The trouble started when the NLRB issued a decision in a case called Hy-Brand that overturned the job-killing joint employer standard established in Browning-Ferris. The NLRB Inspector General issued a report that called for Board member William Emanuel to recuse himself from participating in Hy-Brand. The report incorrectly concluded Board member Emanuel should have recused himself from participating in the case because he previously worked at Littler Mendelson, a law firm that represented a party involved in Browning-Ferris. Member Emanuel’s previous employment does not raise any conflict of interest problems because the Hy-Brand case involves different law firms, different companies, and different facts.
A recent Heritage Foundation legal memo concludes that “[the conflict of interest] standard employed by the NLRB Inspector General and Designated Agency Ethics Official…is inherently subjective, undefined, and retroactive, creating an untenable catch-22 for officials to whom it is applied.”
Yet, it looks like these bogus ethics accusations against NLRB members will continue. The latest salvo in the coordinated campaign to slow down the NLRB involves McDonald’s. Earlier in the year, an administrative law judge rejected a proposed settlement agreement between McDonald’s and the NLRB that would have resolved numerous unfair labor practice charges brought by the Service Employee International Union against McDonald's franchisees and McDonald’s USA LLC as a joint employer.
On August 15, 2018, Bloomberg BNA reported:
Worker advocacy groups conducting the “Fight for $15" campaign for higher wages and better working conditions requested Aug. 14 that National Labor Relations Board Chairman John Ring and Member William Emanuel sit out a case alleging that McDonald’s is a “joint employer” of its franchisees’ workers. The case also alleges that franchisees retaliated against workers who supported the campaign.
Fight for $15 argues that Chairman Ring and Member Emanuel should recuse themselves because they previously worked at law firms that both had “entered agreements to help McDonald’s counter the campaign” to unionize the company.

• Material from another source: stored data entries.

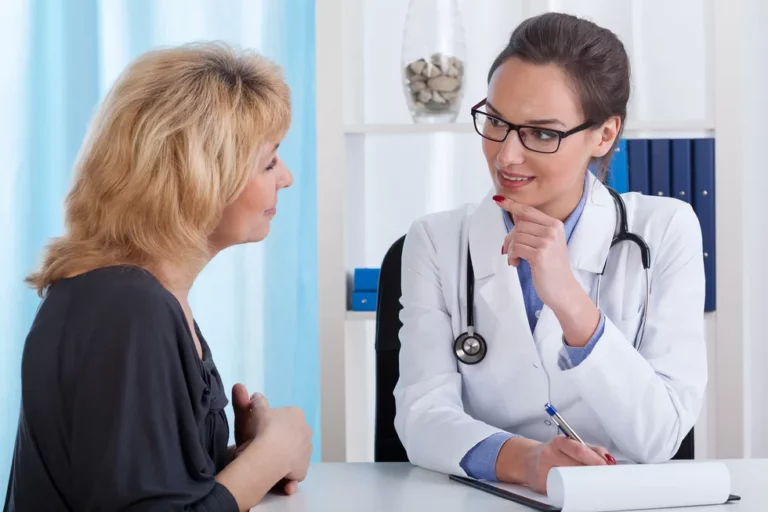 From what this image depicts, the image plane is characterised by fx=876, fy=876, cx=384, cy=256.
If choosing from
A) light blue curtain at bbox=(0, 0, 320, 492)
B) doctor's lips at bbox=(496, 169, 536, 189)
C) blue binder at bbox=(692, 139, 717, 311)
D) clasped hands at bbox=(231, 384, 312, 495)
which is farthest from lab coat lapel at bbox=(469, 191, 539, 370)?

This call for recusal is also flawed. Roger King, attorney at the HR Policy Association, explains that the president’s ethics pledge requires appointees to recuse themselves for two reasons. One, “you cannot participate if you were personally involved” in a specific case. Two, you cannot participate if your former employer was involved in the case. King points out that neither Ring nor Emanuel were personally involved in the McDonald’s litigation and neither were their former employers.
The filing for recusal by the Fight for $15 is just the continuation of attempts to obstruct the NLRB from doing its job. Just because the current NLRB majority differs from the ideology of the Democratic senators and Big Labor doesn’t mean that its views on labor law policy are illegitimate. A Republican NLRB majority has as much authority to operate as a Democratic-controlled one.
Unions and Democrats attempting to slow down the NLRB need to realize “elections have consequences,” and at the end of the day, they lost.